Archive for October, 2010

A Glass of Water and a Cursed Town

Posted in History, Locations, Writing with tags , , , , , , , on October 20, 2010 by S. P.

Hendry County Courthouse (Image: Author)

It all began with a misunderstanding over a request for a glass of water.  On June 3, 1926, Henry Patterson, a black laborer, knocked on the backdoor of a home in LaBelle seeking a glass of water to help combat the hot, sticky Florida summer.  The housewife, seeing a strange black man at the backdoor and fearing the worse, fled screaming in a panic through the front door.

Rumor and hysteria spread like wildfire.  Several men of the town worked themselves into a fever pitch.  Before he even knew what was happening, Henry Patterson was dead, the victim of multiple gunshot wounds.

The sheriff rounded up about a dozen men believed responsible for Patterson’s death.  Not surprisingly for a small town in the 1920s south, evidence during the trial proved contradictory and confusing.  As a result, the judge ruled it was impossible to fix blame and dismissed the case.  No one was ever convicted for the senseless murder of Henry Patterson.
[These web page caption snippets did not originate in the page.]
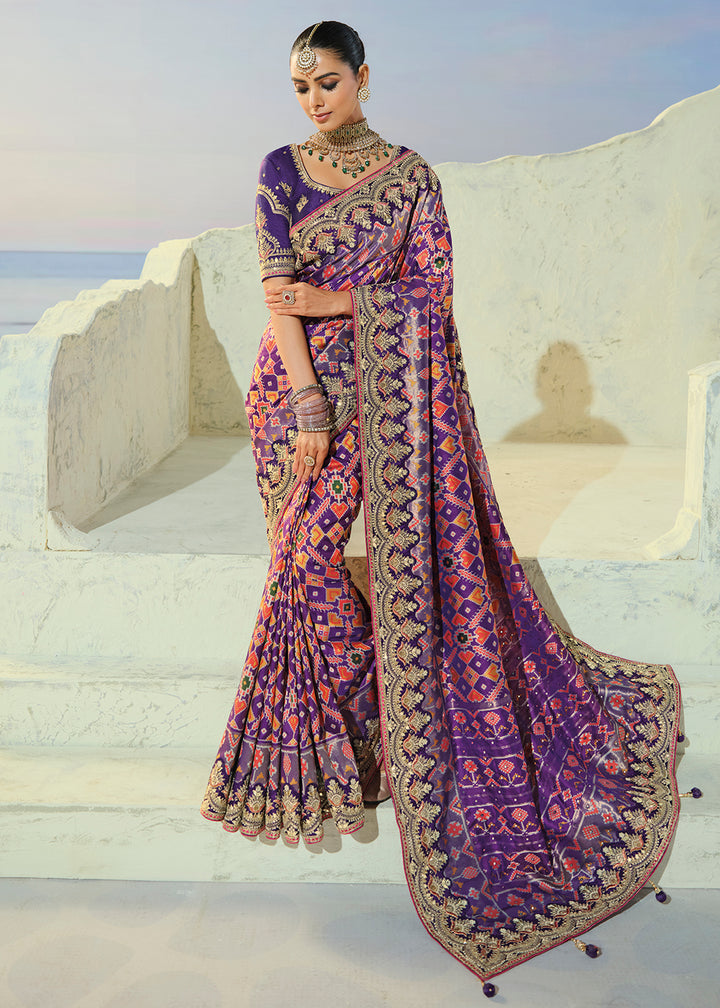 Buy Now Royal Purple Patan Patola Style Traditional Wear Saree Set Online in US, UK, Canada, France, Germany, Denmark, Sweden, Austria &amp; Worldwide at Empress.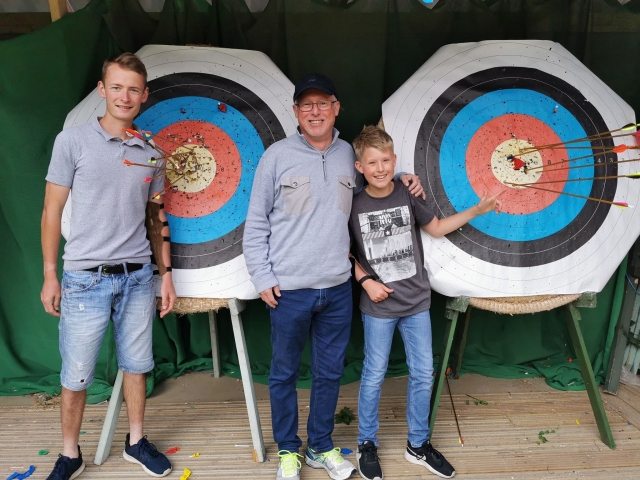  Padre e hijo sonriendo al lado de su instructor durante su sesión de tiro con arco 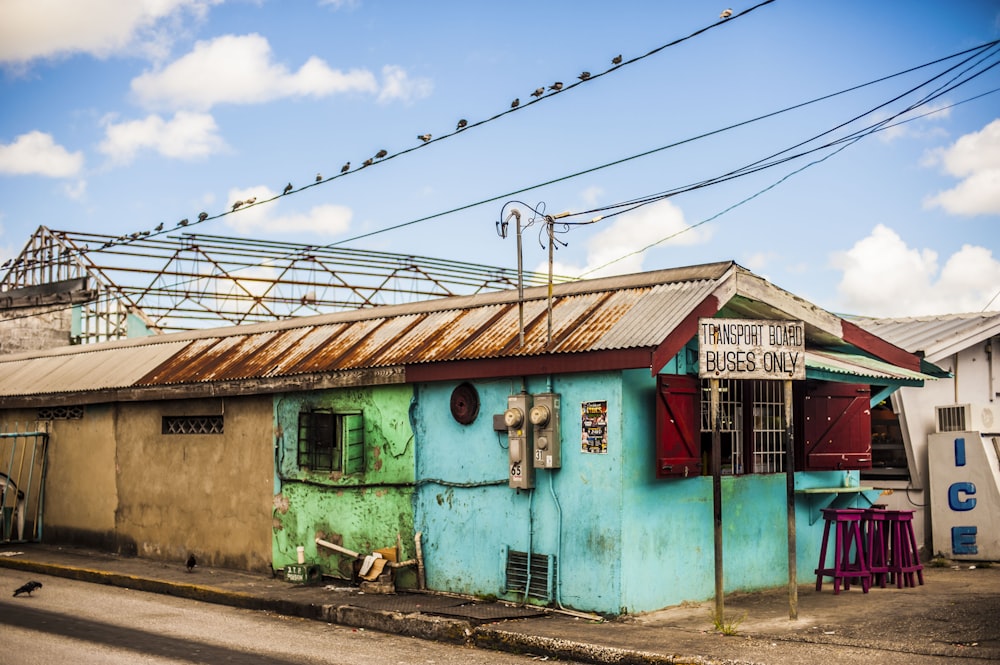 a blue building with a rusted roof and red shutters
Following the trial, the rain dried up.  With little rain already, farmers looked forlornly towards the sky.  It rained in the counties near LaBelle, but not in or around the town itself, save for a few teasing drops – barely enough to even wet the dust.

Thunder boomed and rolled ominously on the horizon, but this wasn’t unusual for a Florida summer.  Suddenly, the town was jarred by a sharp crack and the sound of a massive explosion.  Residents felt the ground itself rumble.  The smell of ozone filled the air.  Rushing outside, townsfolk discovered a stray lightning bolt had stuck the courthouse clock tower, smashing and setting fire to the clock works.  The lightning strike caused the clock bell to sound and its vibrations lingered as the storm clouds quickly dissipated.

The town fathers said it was simply a freak of nature and quickly ordered the clock repaired.  But then the same thing happened again – and again.  The tower and the clock works were inspected and a lightning rod system installed.  Nothing seemed to help.  The clock was repaired only to be struck by lightning again.

Quiet whisperings began to circulate that Henry Patterson was having his revenge on LaBelle.  Cooler heads dismissed such suggestions as utter nonsense.  Events soon caused even the skeptics to question their off-hand dismissal of an otherworldly explanation.

As the town prepared to celebrate Independence Day on July 4, 1929, storm clouds again formed over LaBelle.  A massive bolt flashed from the clouds with a deafening roar.  It smashed into the clock tower with enough force to break off a large stone which smashed through the courthouse roof.  Venturing inside, residents discovered the stone had crashed into the courtroom where Patterson’s trail was held, nearly crushing the judge’s bench.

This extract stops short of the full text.